(Caption-style text data)
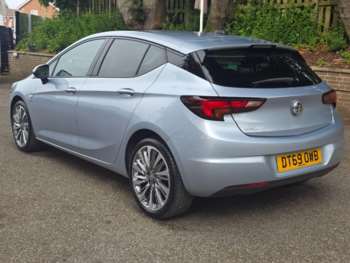 Used Vauxhall Astra 2020 for sale - 74857088: Photo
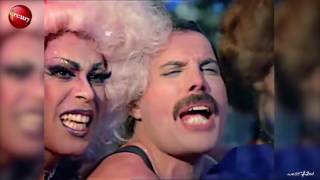 Freddie Mercury「Living on my own〜Remix Ver 」 2015【HD】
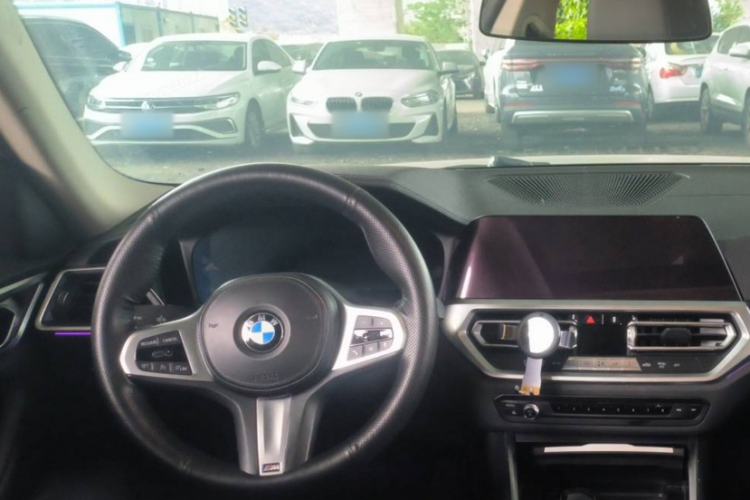 Used BMW 4 Series 2022 425i Gran Coupe M Sport Package Steering Wheel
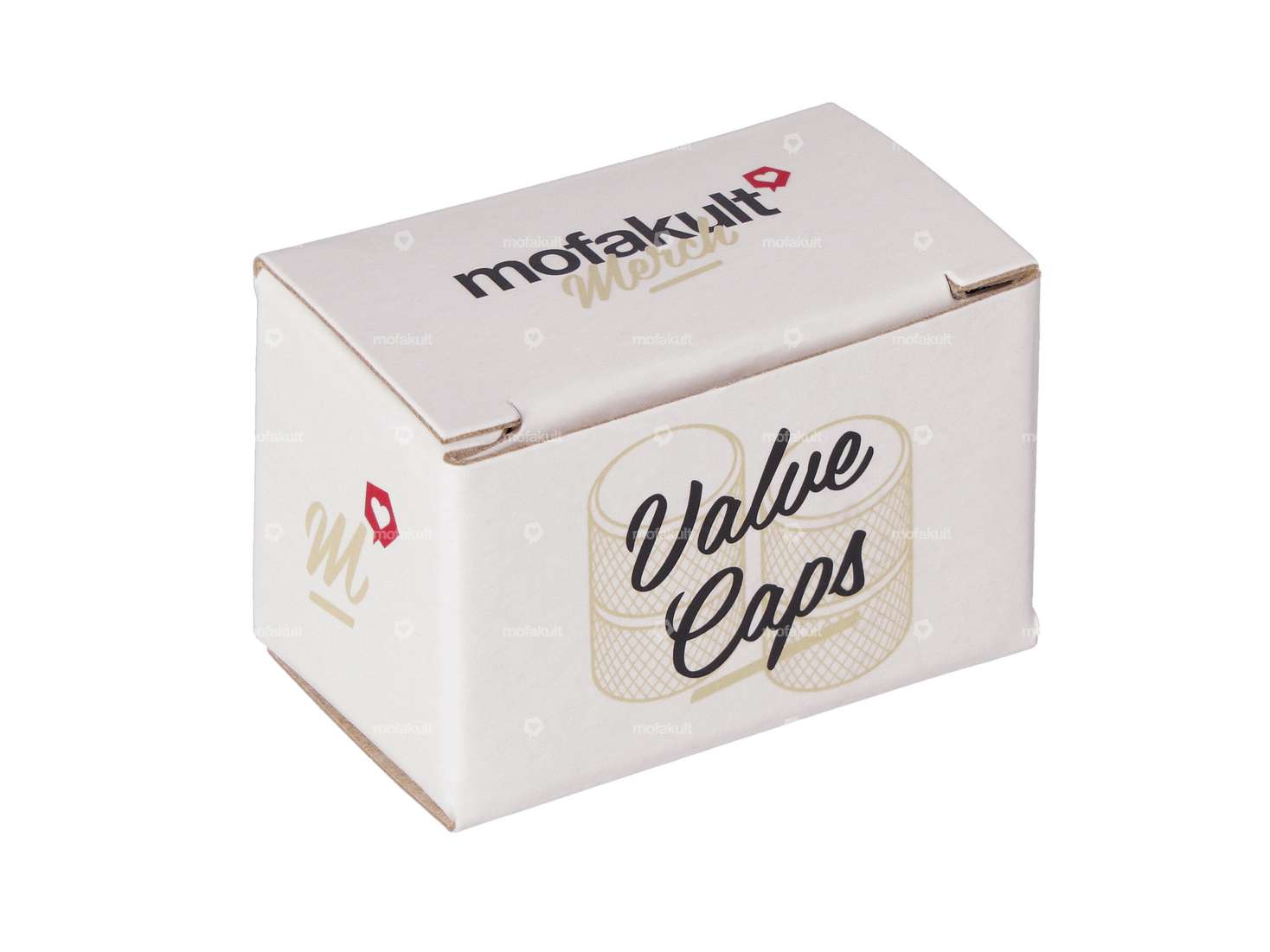 mk-Merch valve cap Puch aluminum Carousel Image 2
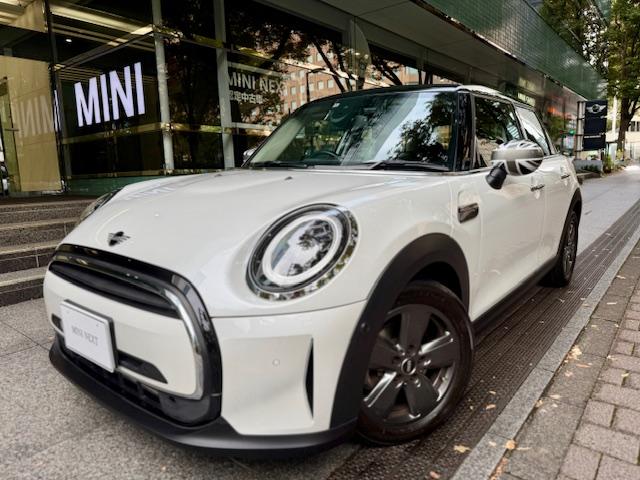 MINI クーパー プレミアムプラスパッケージクラシックトリム 5ドア アクティブクルコン アップルカープレイ バックカメラ ETC LED シートヒーター 社外ドラレコ(50枚目)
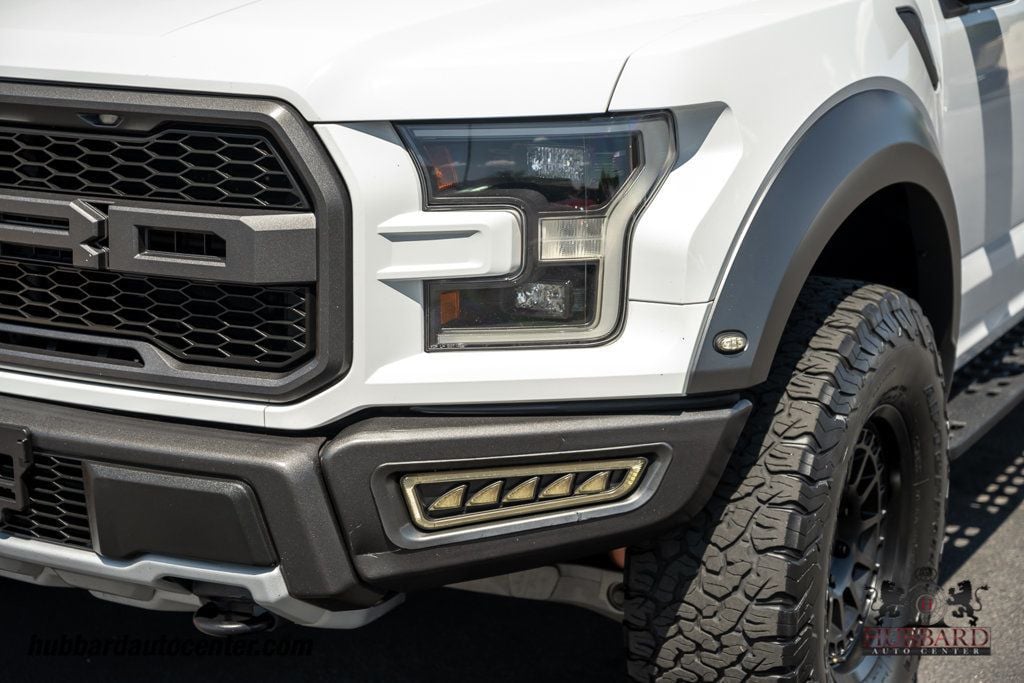 2019 Ford F-150 Raptor 4WD SuperCab 5.5' Box - 23045711 - 41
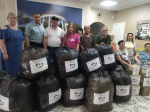 Жители Лениногорского дома-интерната отправили гумпомощь на СВО
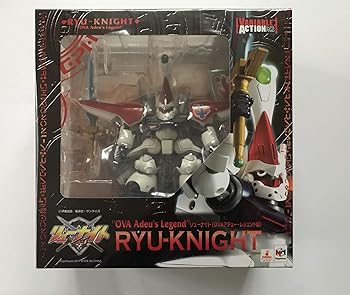 【中古】ヴァリアブルアクション 覇王大系リューナイト リューナイト・ゼファー アデューレジェンドver. 流通限定品 ABS塗装済み完成品画像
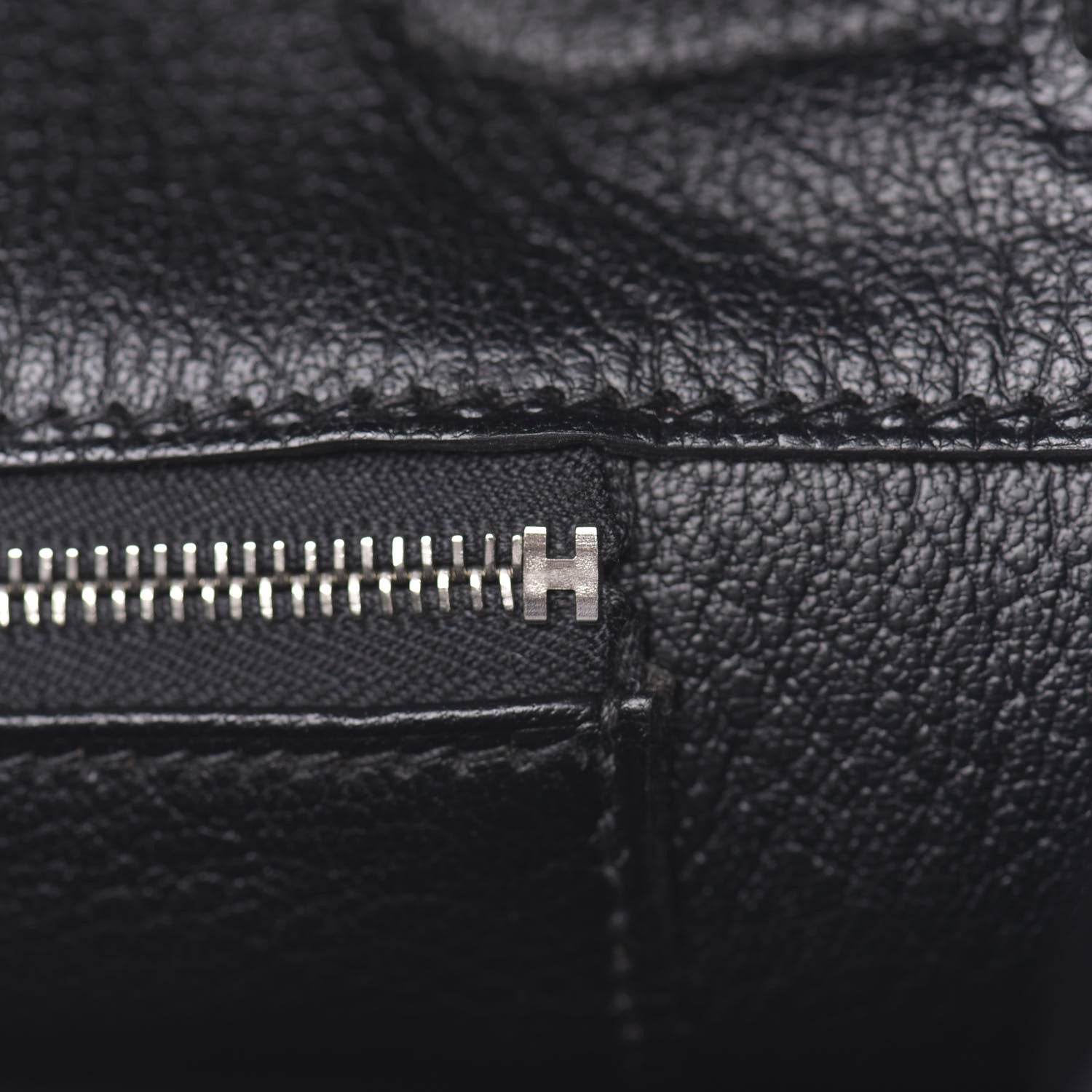 Hermes Togo Birkin 35 Black 15 of 36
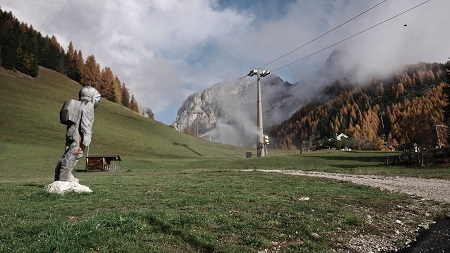 GIRO GIRO TONDO - Il ciclo invisibile delle stagioni alpine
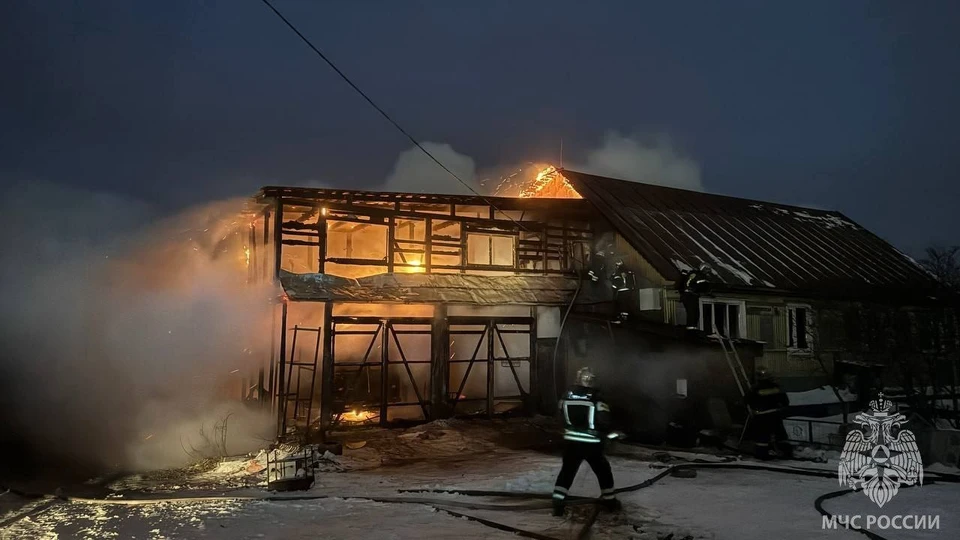 Фото: МЧС России по ЯНАО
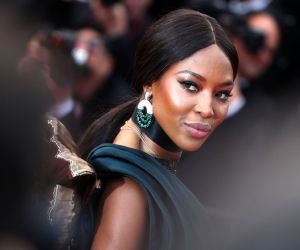 Naomi Campbell: «Πρέπει να κάνεις λάθη. Έτσι μαθαίνεις και έτσι λειτουργεί ο κόσμος»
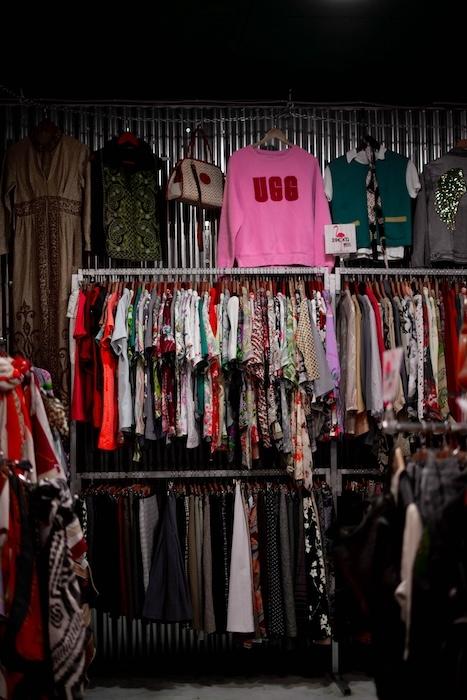 boutique de vintage à ruzafa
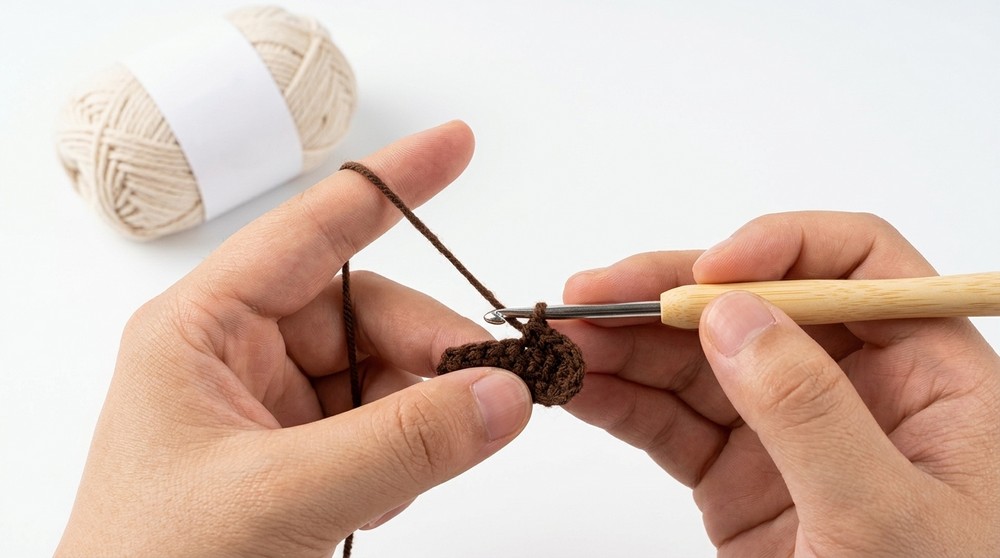 Crochet Bottle Holder Pattern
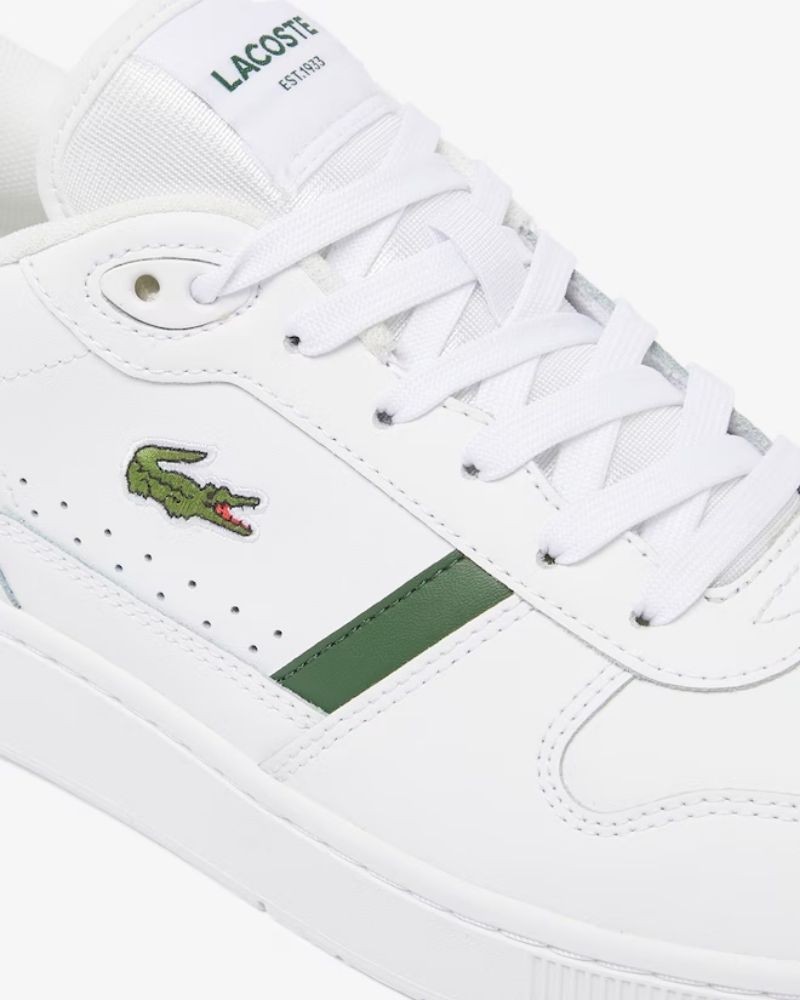  Zapatillas Bajas Hombre LACOSTE Blanco 48SMA0031 T CLIP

= To do =
From the first line of the records down through the line containing "mk-Merch valve cap", transcribe exactly those lines and no others, both ends kept, pictures dropped.

= Exercise solution =
 Used Vauxhall Astra 2020 for sale - 74857088: Photo
 Freddie Mercury「Living on my own〜Remix Ver 」 2015【HD】
 Used BMW 4 Series 2022 425i Gran Coupe M Sport Package Steering Wheel
 mk-Merch valve cap Puch aluminum Carousel Image 2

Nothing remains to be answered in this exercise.